- Provided data
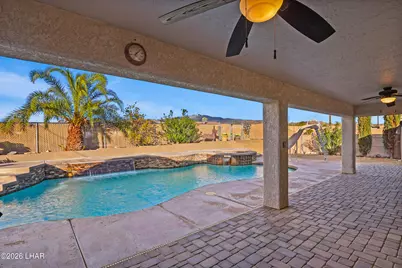 3973 Trotwood Dr, Lake Havasu City, AZ 86406 - Photo 32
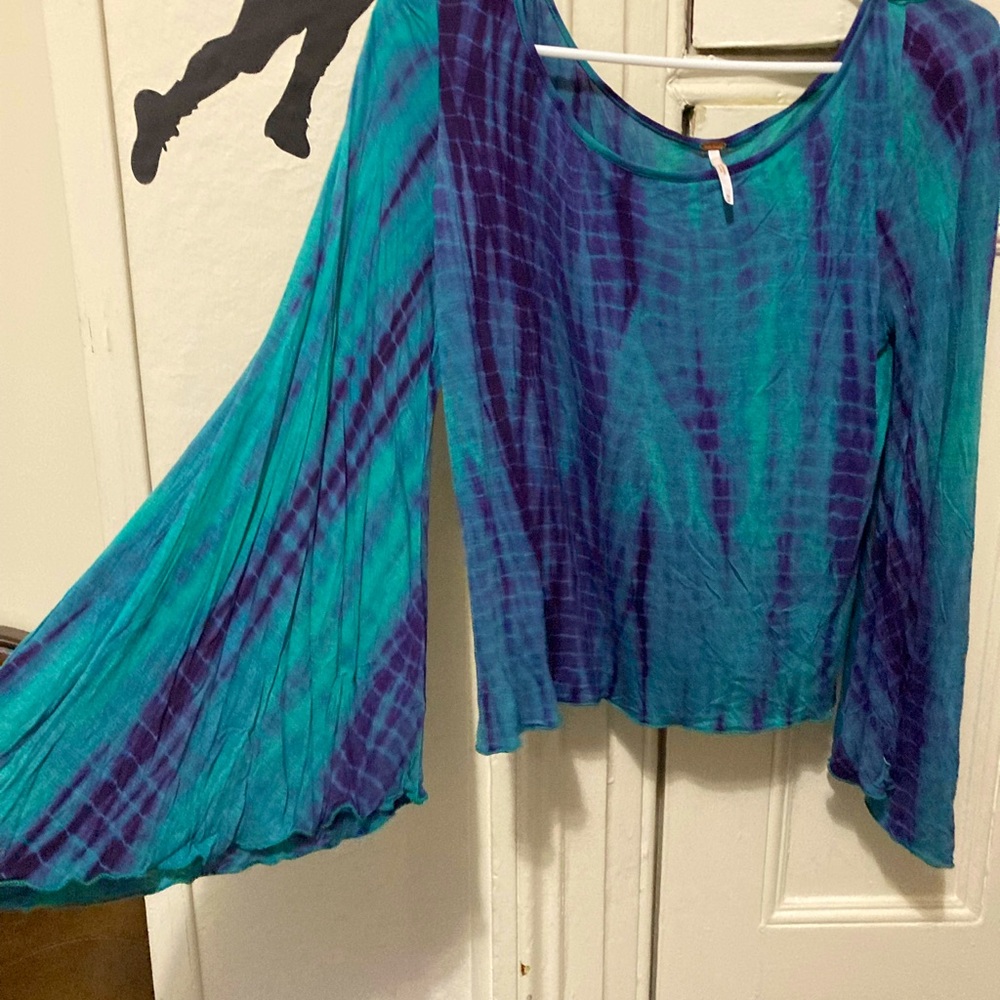 Free People blouse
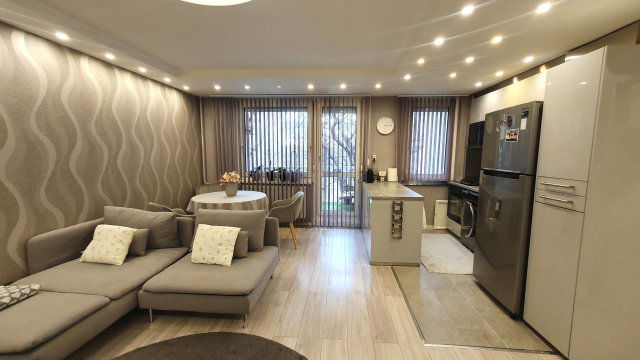 Eladó panellakás, Budapesten, IV. kerületben 99.9 M Ft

- Your objective
Omit the pictures and write out exactly the lines from the one containing "Free People blouse" through the last line of the material.

- Solution for this problem
 Free People blouse
 Eladó panellakás, Budapesten, IV. kerületben 99.9 M Ft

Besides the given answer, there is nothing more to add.